All of that may be coming to an end. The surprise announcement on Tuesday that the United Arab Emirates is leaving OPEC deals a potentially fatal blow to the oil cartel. The group is losing not only the member with the second‑largest spare production capacity — a crucial measure of power among oil‑producing nations — but also a key counterweight to its de facto leader, Saudi Arabia, with whom Abu Dhabi had clashed repeatedly.
Without Abu Dhabi, which has already announced its intention to pump as if there were no tomorrow, OPEC’s influence shrinks dramatically. It will control less than a third of global oil supply — only once in its history, in the mid-1980s, has it had less market power. To keep prices elevated in the medium and long term, OPEC would have to forgo selling enormous volumes of crude. Most members, however, are in urgent need of revenue and know that time is running out.

The timing of the UAE’s decision to jump ship could not have been more paradoxical. The double blockade of the Strait of Hormuz, by Iran — also an OPEC member — and by the United States, has taken almost a fifth of global production offline and threatens to trigger what the International Energy Agency calls “the biggest energy crisis in history.”
But that waterway connecting the Persian Gulf to the Indian Ocean will reopen sooner or later — no one can afford otherwise — and the world will go from unprecedented scarcity to an equally unprecedented glut. Supply will skyrocket, demand is already showing signs of slowing — with electric cars playing a key role — and prices will plummet. This prospect was acknowledged on Wednesday by Anton Siluanov, the finance minister of Russia, the world’s second-largest exporter. And it opens a new chapter in the story of global energy.
That OPEC is losing one of its members — it currently has a dozen, mostly African and Gulf countries — is not in itself extraordinary. Indonesia left for the second time in 2016, Qatar — a heavyweight in the gas market but a lightweight in the oil market — followed suit in 2018, Ecuador defected in 2020, and Angola did the same in 2024. But the UAE’s exit is different: it strikes at the heart of the organization and plunges it into its deepest crisis since its creation in 1960.

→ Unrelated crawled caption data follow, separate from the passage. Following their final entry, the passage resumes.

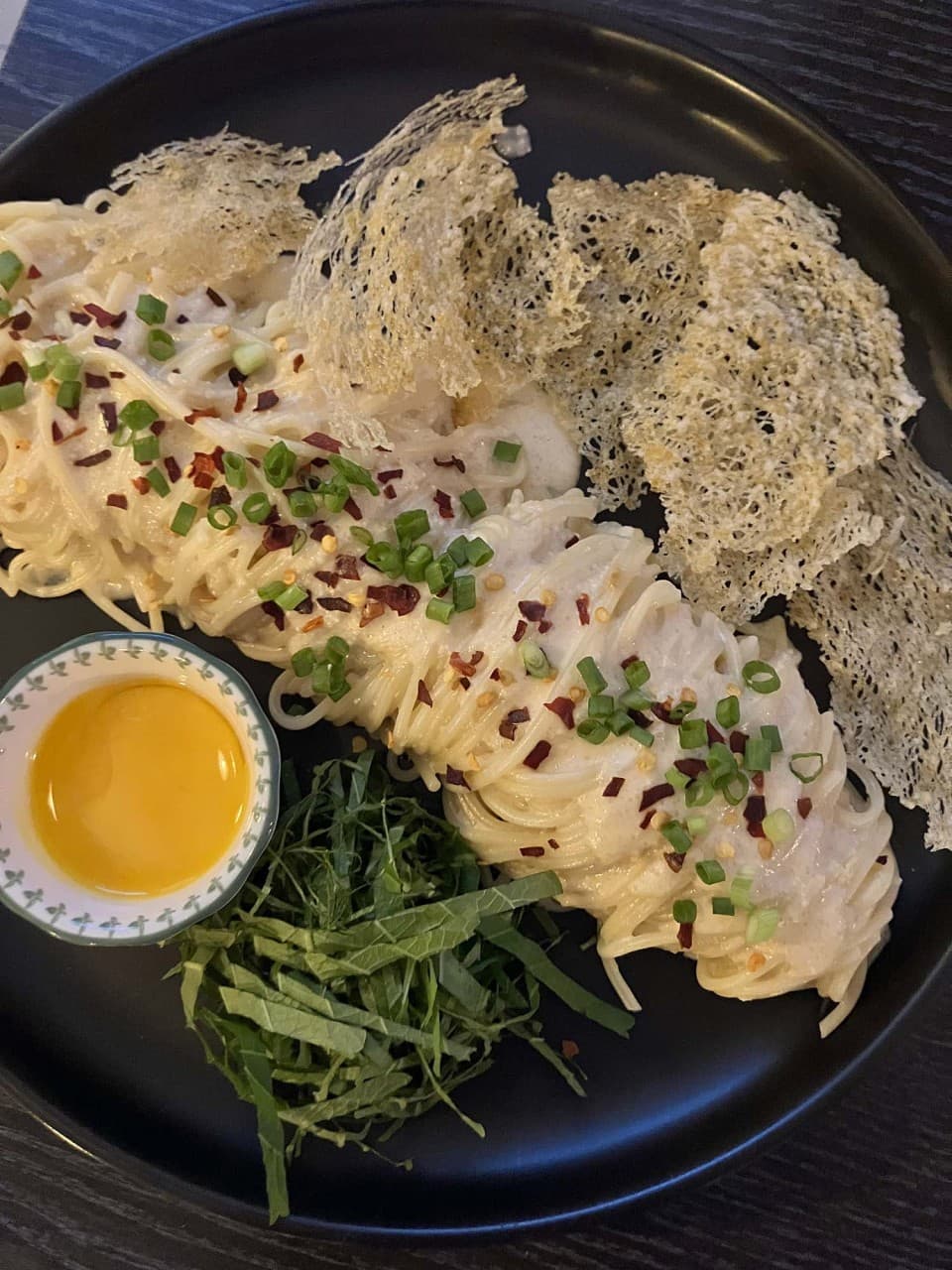 어두운 나무 테이블 위 검은 접시에 담긴 크림 면 요리와 노른자 소스, 채 썬 깻잎과 얇은 그물 형태의 바삭한 튀김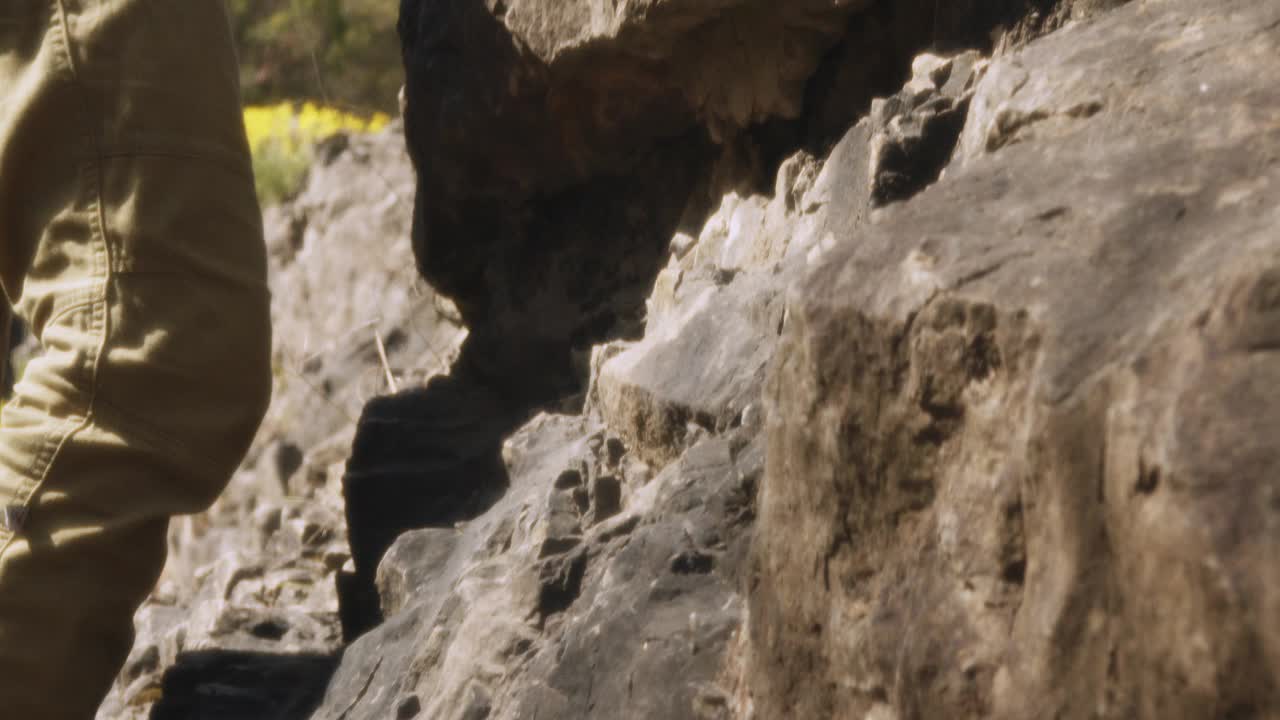 勇敢的登山者攀登崎岖的地形:在广角电影的慢动作捕捉视频素材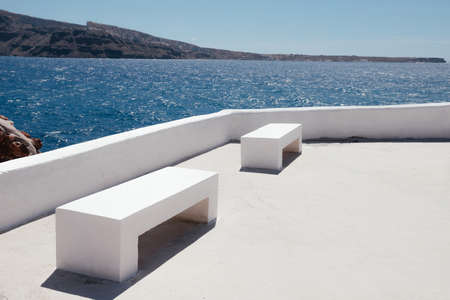 Two white benches on the coast of Santorini and the sea with blue sky and mountains in the...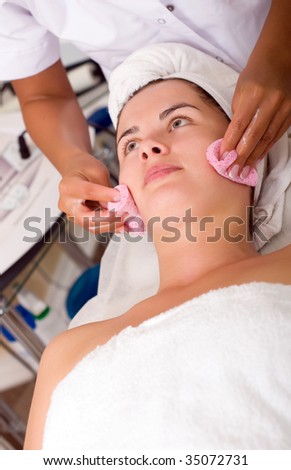 Young woman getting skin cleaning at beauty salon (shallow dof)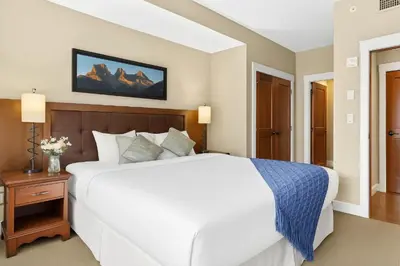 a bedroom with a large white bed and a night stand at Spacious Rockies Escape near Banff Hot tub and Gym in Canmore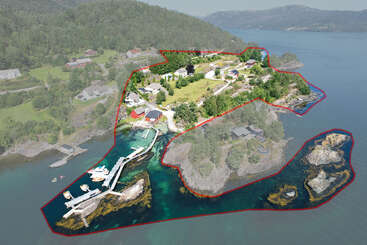 Esta foto aérea mostra uma ilha particular cênica contornada em vermelho, com casas, docas, barcos, vegetação exuberante, margens rochosas e cercada por água azul clara.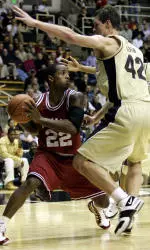 Purdue's Matt Kiefer attempts to trap Marshall Strickland during the second half.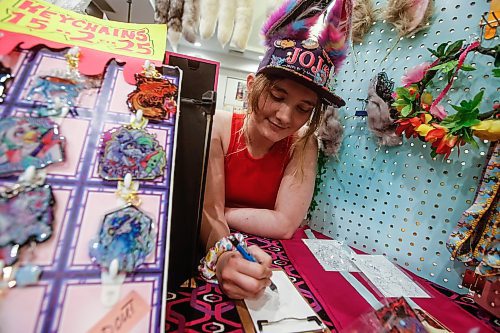 JOHN WOODS / FREE PRESS
Anya Repko, artist who owns Loaf of Cake, works on a new piece as she sells her art in the market at Keycon at a Winnipeg hotel Sunday, May 19, 2024. 

Reporter: standup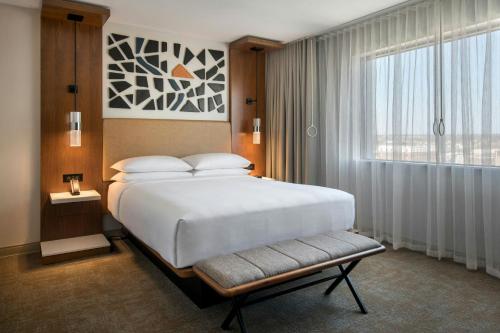 a bedroom with a large white bed and a window at Marriott Springfield Downtown in Springfield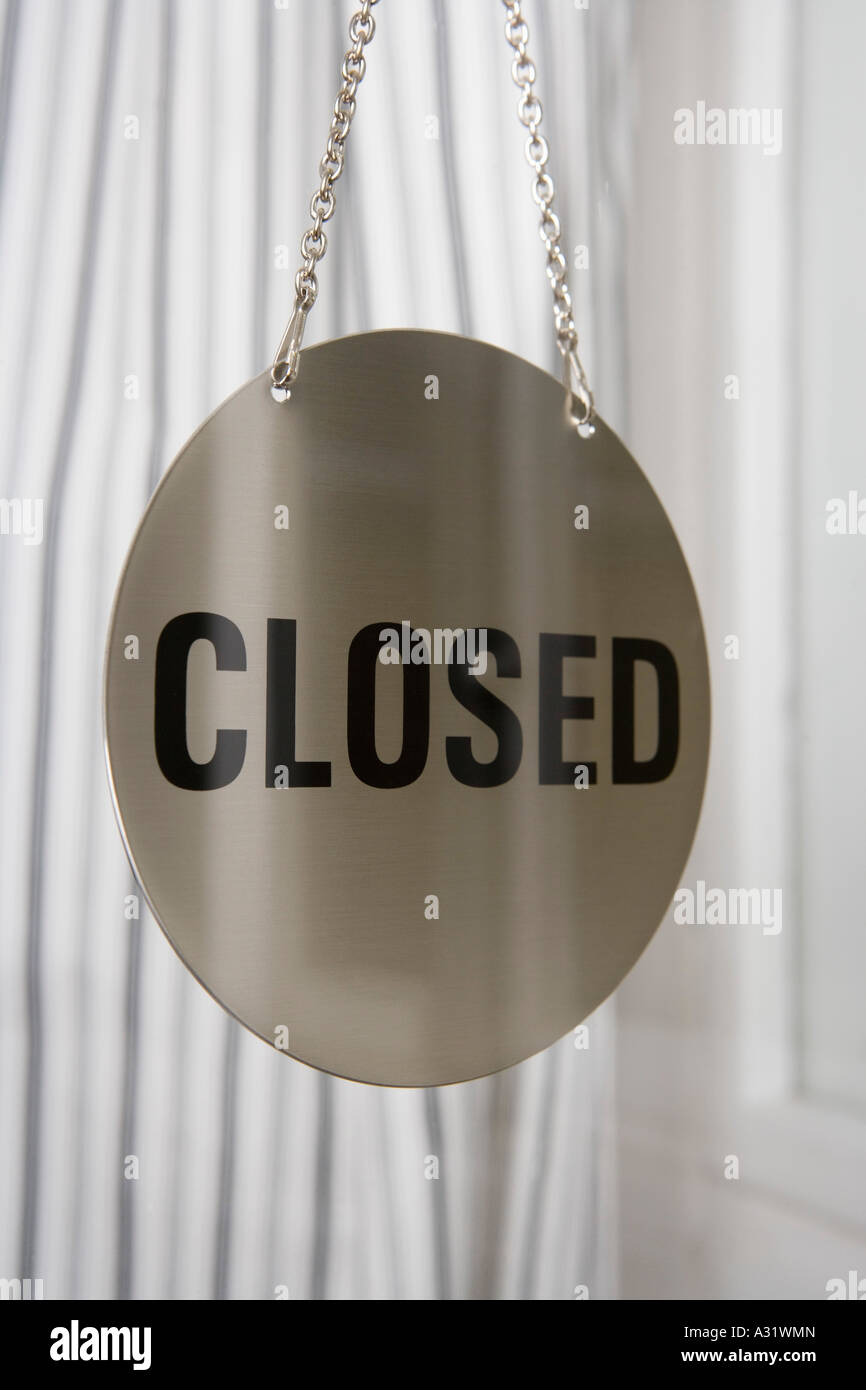 Closed sign in window Stock Photo - Alamy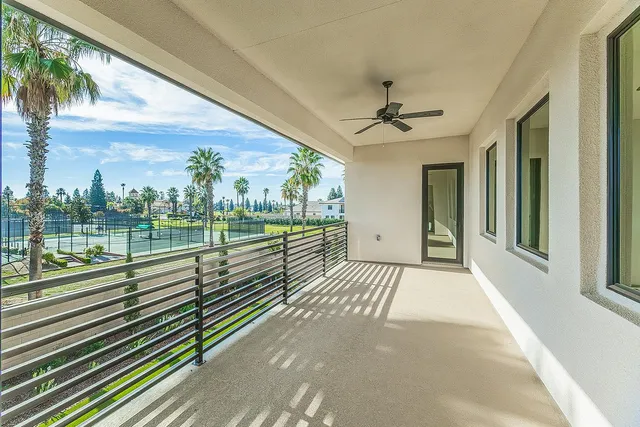 a view of a livingroom with a ceiling fan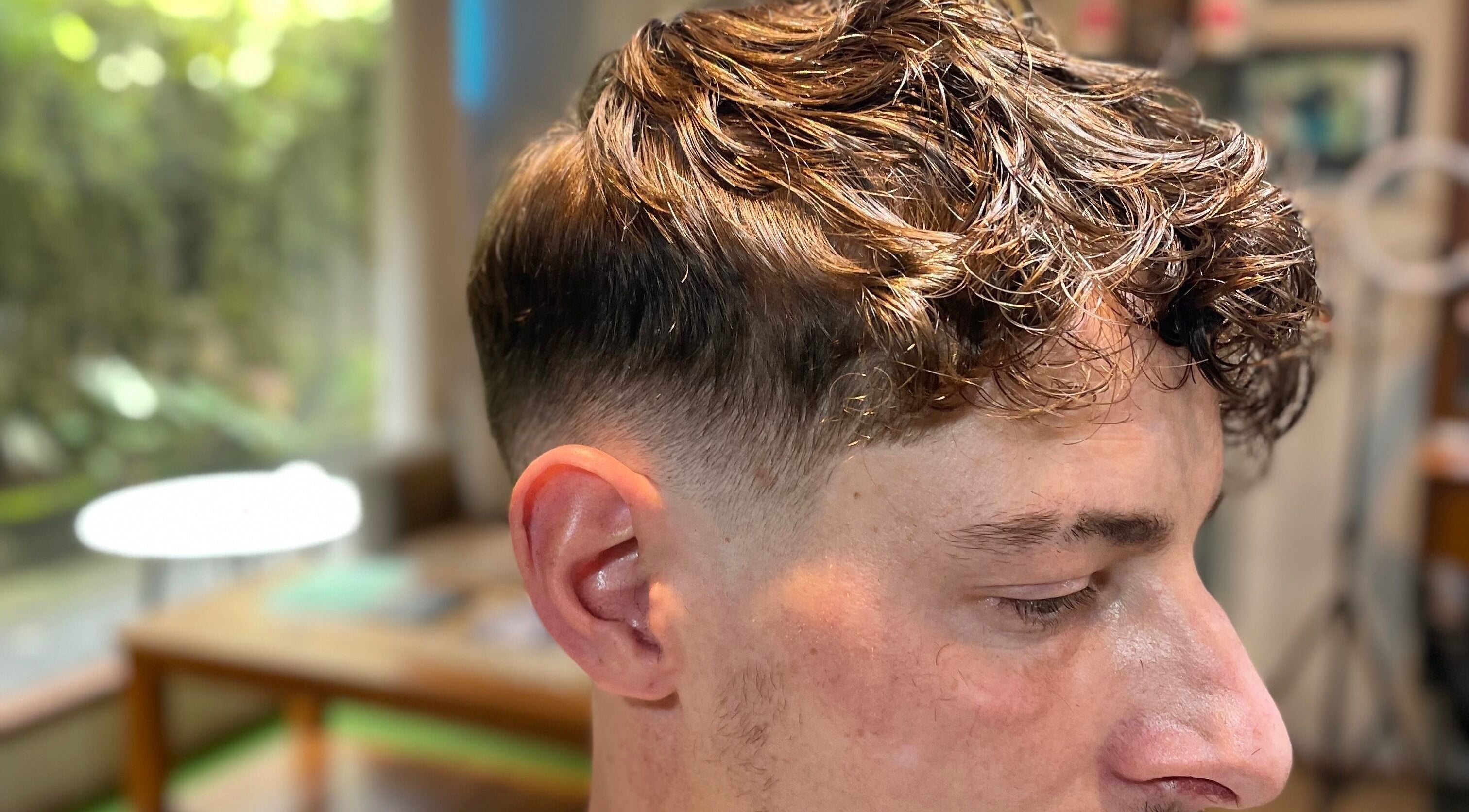 Close-up of a stylish haircut at Warsa Barbershop, showcasing a fresh tapered style in Bali, Bali, ID.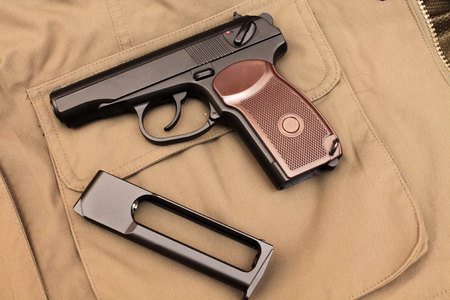 Pistol and clip. A pistol in the background of a jacket.の写真素材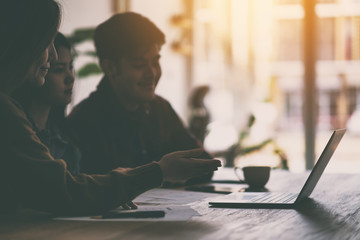 Three businessman working and discussing business together in a meeting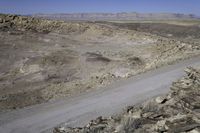 an image of a road through a valley in the desert with an open space for vehicles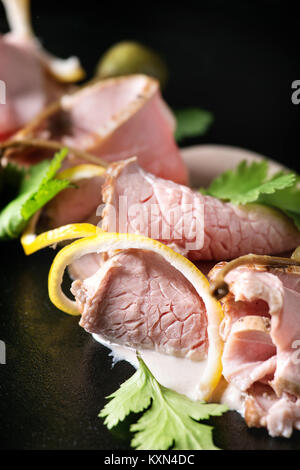 Vitello tonnato plat italien. Fines tranches de veau avec sauce au thon, les câpres et la coriandre servi sur la plaque noire. Close up Banque D'Images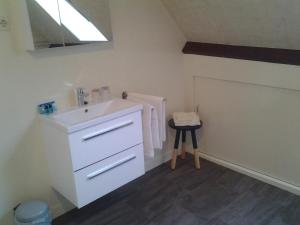 a white bathroom with a sink and a stool at Bed & Breakfast Meinsma in Moddergat +125 photos
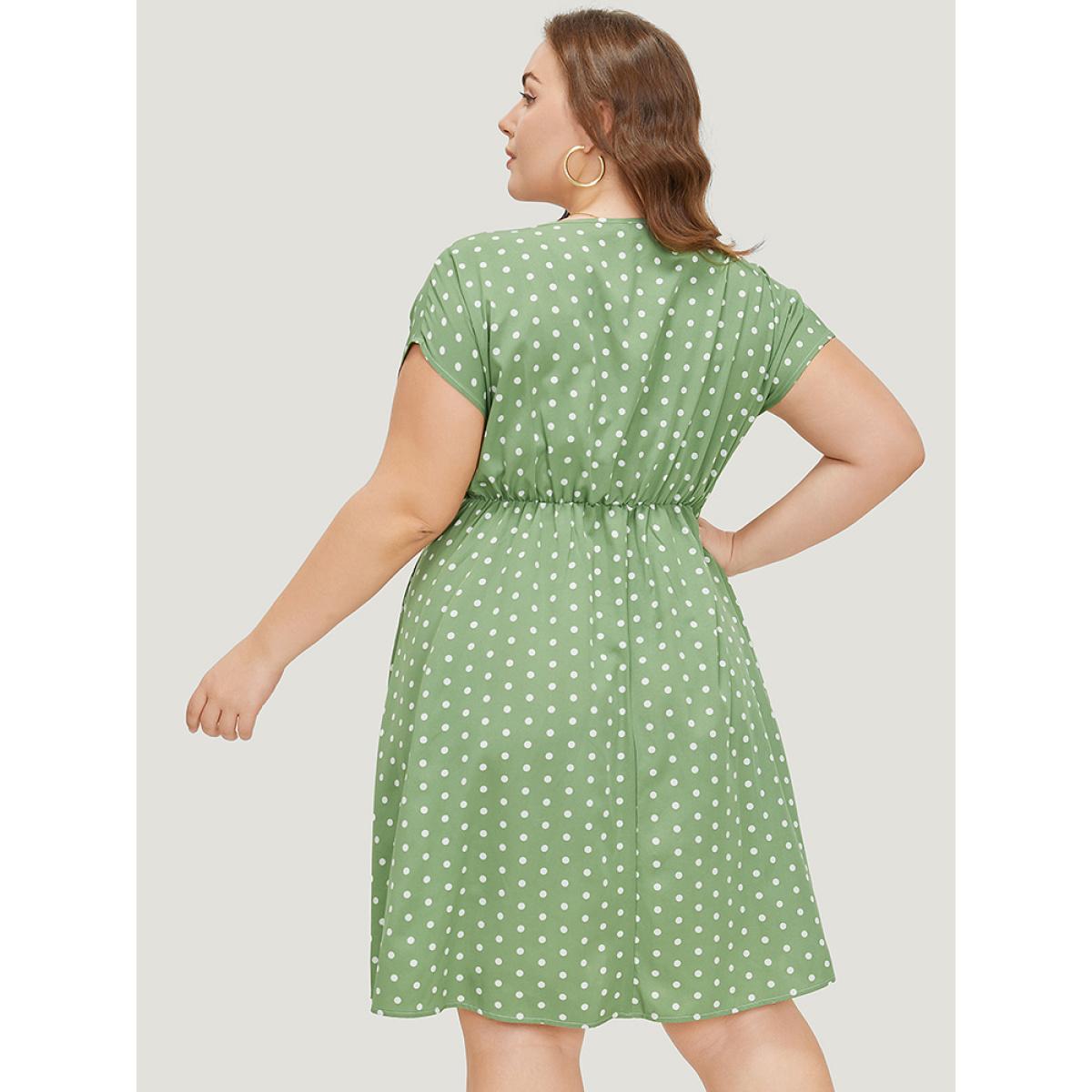 Plus Size Polka Dot Pocket Button Detail Twist Front Knee Dress Green Women Elegant Knotted V-neck Cap Sleeve Curvy Knee Dress BloomChic 14-16/1X Product Image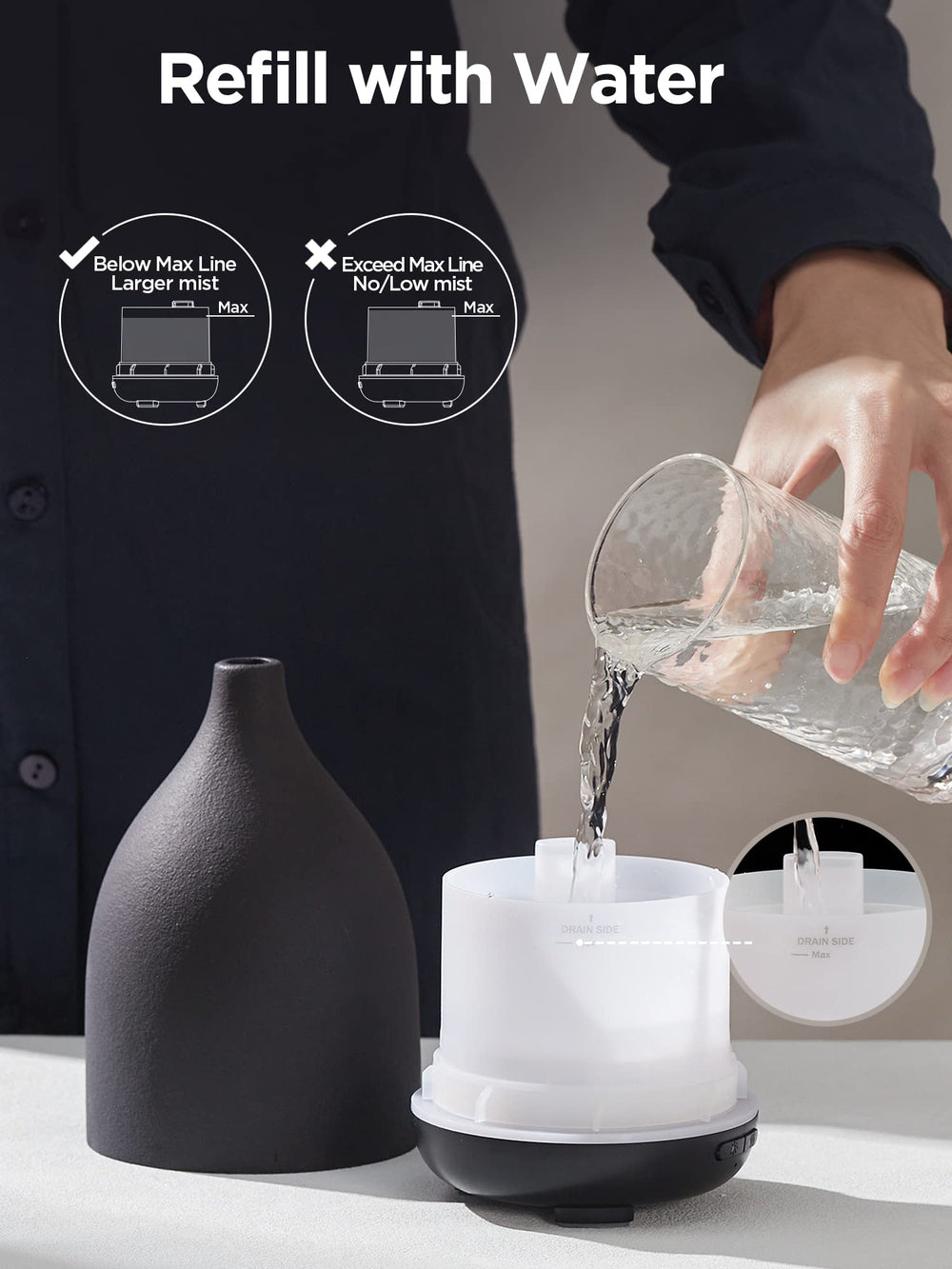 Diffuser shown with essential oil bottle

After years of substantial investment, Abu Dhabi’s production capacity hovers around 12% of OPEC’s total. That’s nearly five million barrels per day, although today, with the Strait of Hormuz closed, it’s only able to sell less than two million. If its expansion plans materialize, the UAE’s capacity will exceed six million barrels per day in the coming years. That would still be below Saudi Arabia — the world’s largest exporter — but increasingly close, sharpening a rivalry that extends beyond OPEC into conflicts and influence battles in Yemen, Sudan and the Horn of Africa.

“The move may signal a more urgent need for revenue by the UAE — reflecting reconstruction, rearmament, and the loss of revenues from oil, tourism, and nomadic wealth," said Paul Donovan, chief economist at the Swiss investment bank UBS, in the UBS podcast.
The UAE’s departure also opens a dangerous breach in a ship — OPEC — that was already listing under the weight of surging production outside the group. The biggest pressure comes from the Americas: the United States, Canada, Brazil, Argentina, and even tiny Guyana, which is on the verge of reaching one million barrels per day despite its small size.
Hamad Hussain, from the analysis firm Capital Economics, predicts that it could “embolden other members to follow the UAE’s lead by leaving OPEC” or, at the very least, undermine group cohesion. “For what it’s worth, Iraq and Kazakhstan also have a recent history of not sticking to output quotas,” he added.
A decade ago, in a bid to keep control of the oil market, OPEC created a larger umbrella group known as OPEC+, bringing in countries such as Russia, Kazakhstan, Mexico and Oman. Even with this expanded alliance, the bloc never managed to regain even half of the global market share — and with the UAE now preparing to walk out as soon as Friday, its influence will shrink further. That is welcome news for major importers in Asia and Europe, who are paying a steep price for the closure of the Strait of Hormuz, but far less so for the petrostates that have grown rich on oil for nearly a century.
With talks underway between Abu Dhabi and Washington to secure a financial lifeline to weather the Strait of Hormuz crisis, its withdrawal from OPEC is also seen as a nod to U.S. President Donald Trump, who faces midterm elections with low approval ratings and a stalled war against Iran. “It will bring the Emirates even closer to the U.S. and is a victory for the White House, which had been pressuring the region’s producers to leave the group and increase oil production,” argue Gregory Brew, Firas Maksad, and Henning Gloystein, from the geopolitical consultancy Eurasia, in a brief report. Late Wednesday, Trump hailed Abu Dhabi’s “great” decision.
The UAE’s exit from OPEC is also a forward‑escape — a recognition that the oil era is finite. Even the most pro‑oil governments acknowledge that crude has a limited future. The world’s main use of oil today — moving goods and people — is heading toward rapid electrification. The long‑feared “peak supply” never arrived; instead, the real turning point is peak demand, and it is not far off.
What we are seeing now is only the beginning. Sooner or later, oil will be confined to sectors that are hardest to electrify — aviation, perhaps — and to the vast petrochemical industry, which uses crude to produce plastics and other materials. Producers can see the threat coming, and the UAE has chosen to accelerate output — selling as much oil as possible while it still has value. Its goal is simple: to leave as little of its reserves stranded underground as possible. For Abu Dhabi, it’s their final chance to cash in.